Tão logo autorizada pelo Governo de Estado – Lei n. 1265 A, de 28 de outubro de 1911 –, foi constituída a “Sociedade Anonyma Estrada de Ferro Campos do Jordão”, que contratou o empreiteiro Sebastião de Oliveira Damas, que entregou a obra concluída no tempo recorde de oito meses – e com toda a solidez!
O magistral Athayde Marcondes, em sua obra “Pindamonhangaba através de dois e meio séculos” (1919), registrou não só o engenhoso traçado da “Estradinha” bem como a sua funcionalidade para o transporte de passageiros e o escoamento de produtos agrícolas das terras altas da Mantiqueira até a Estrada de Ferro Central do Brasil:
“De Pindamonhangaba à Villa Jaguaribe, a estrada conta com quarenta e sete kilometros e passa sobre o Parayba em uma ponte solidamente construída, de 160 metros de comprimento, sobre quatro pilastras de cantaria lavrada, muito bem acabadas. Até quasi a encosta da Serra contam-se três pontes sobre o rio Piracuama, tendo uma 30 metros de vão e duas 16 metros. A serra da Mantiqueira é galgada com rampas de 10% sem tuneis mas com enormes cortes e aterros, com os respectivos muros para arrima-los. O trafego provisório da Estrada é feito com três machinas a vapor, 2 automoveis montados sobre os trilhos e 30 vagões”.

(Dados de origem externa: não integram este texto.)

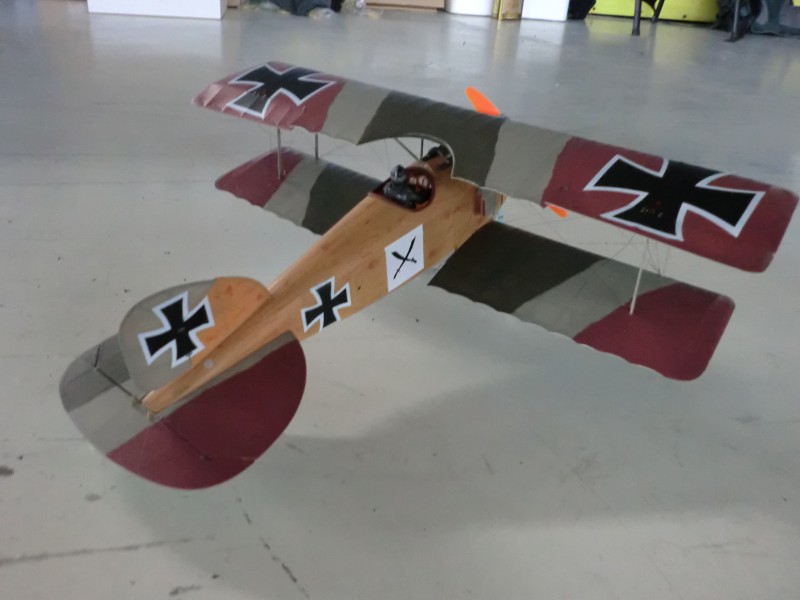 Albatros2.JPG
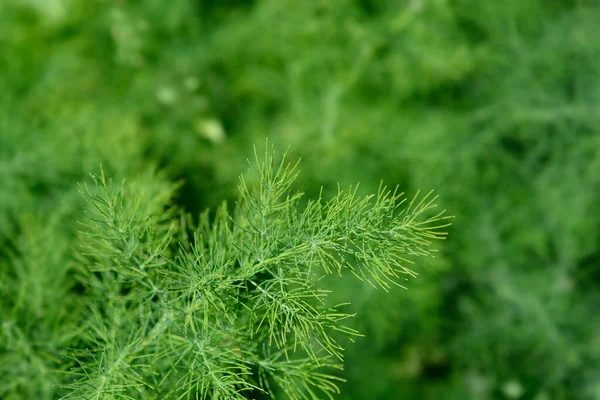 Narrow Leaved Asparagus Latin Name Asparagus Tenuifolius — Stock Photo, Image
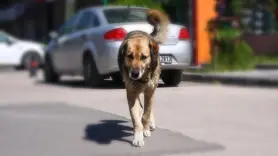 Başıboş köpek düzenlemesi bugün komisyonda görüşülecek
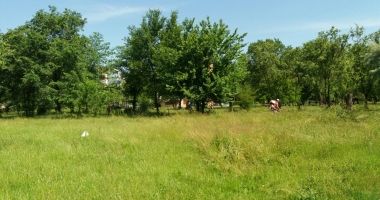 Au început acțiunile de dezinsecție în Mamaia și în Constanța - 4
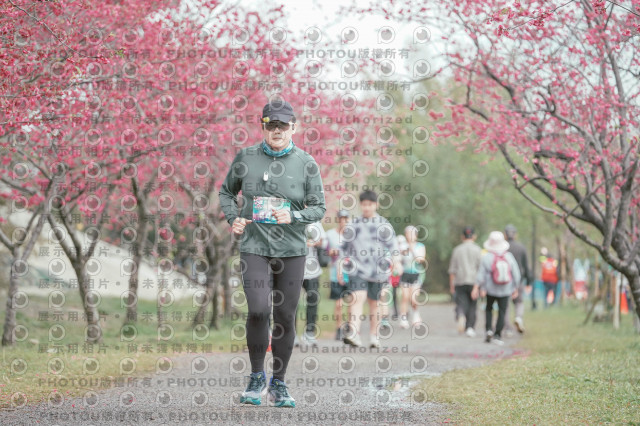 2026左岸竹東櫻花馬拉松Zhudong Sakura Marathon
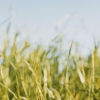Untitled, Grass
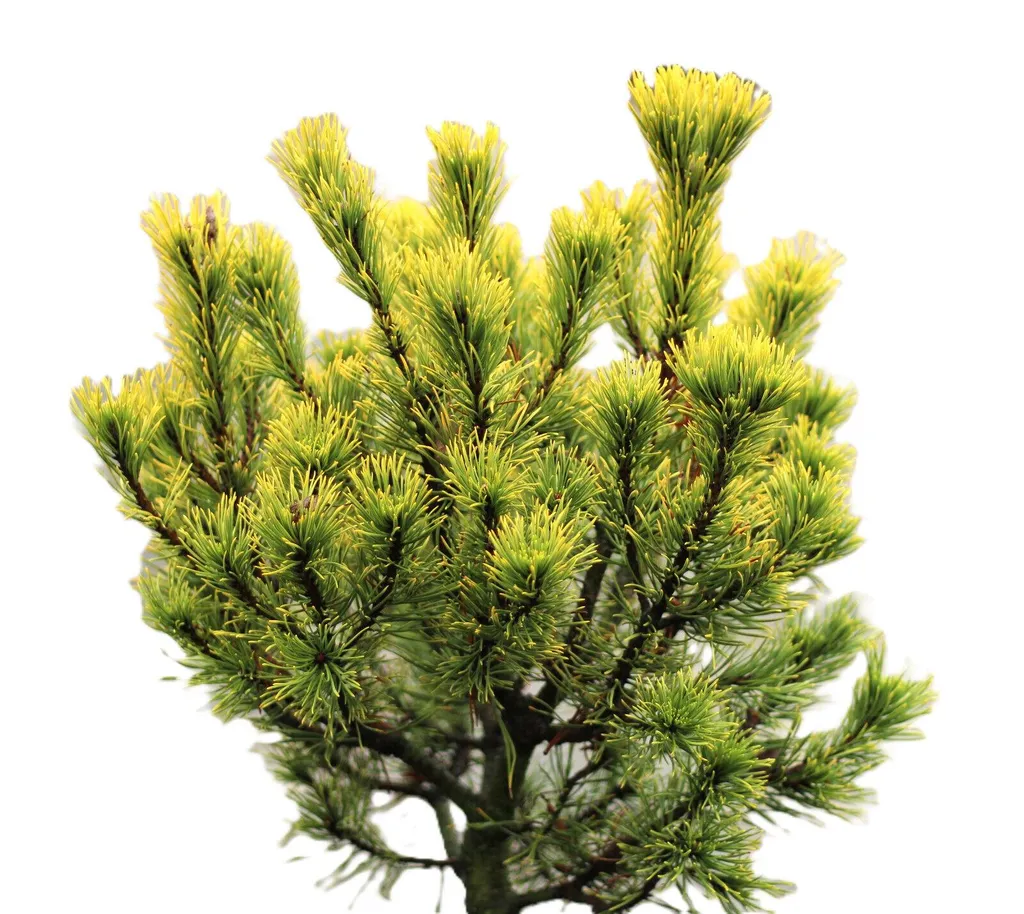 Pinus Mugo Wintergold doré Pin de montagne rustique tige 40-60 cm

“Os passageiros que transitam pela E. F. Campos do Jordão ficam encantados pelo panorama que observam à proporção que o trem vae galgando o Alto da Serra, onde há uma estação, de cujo ponto a vista perde-se em deslumbrantes paisagens que se destacam na Serra, na várzea e no formoso valle de Parayba. (…) Já as regiões encantadoras dos Campos começam a ser atravessadas pela Estrada, innumeros pinheiros ornamentam aquellas matas e aquelles campos verdejantes e floridos”.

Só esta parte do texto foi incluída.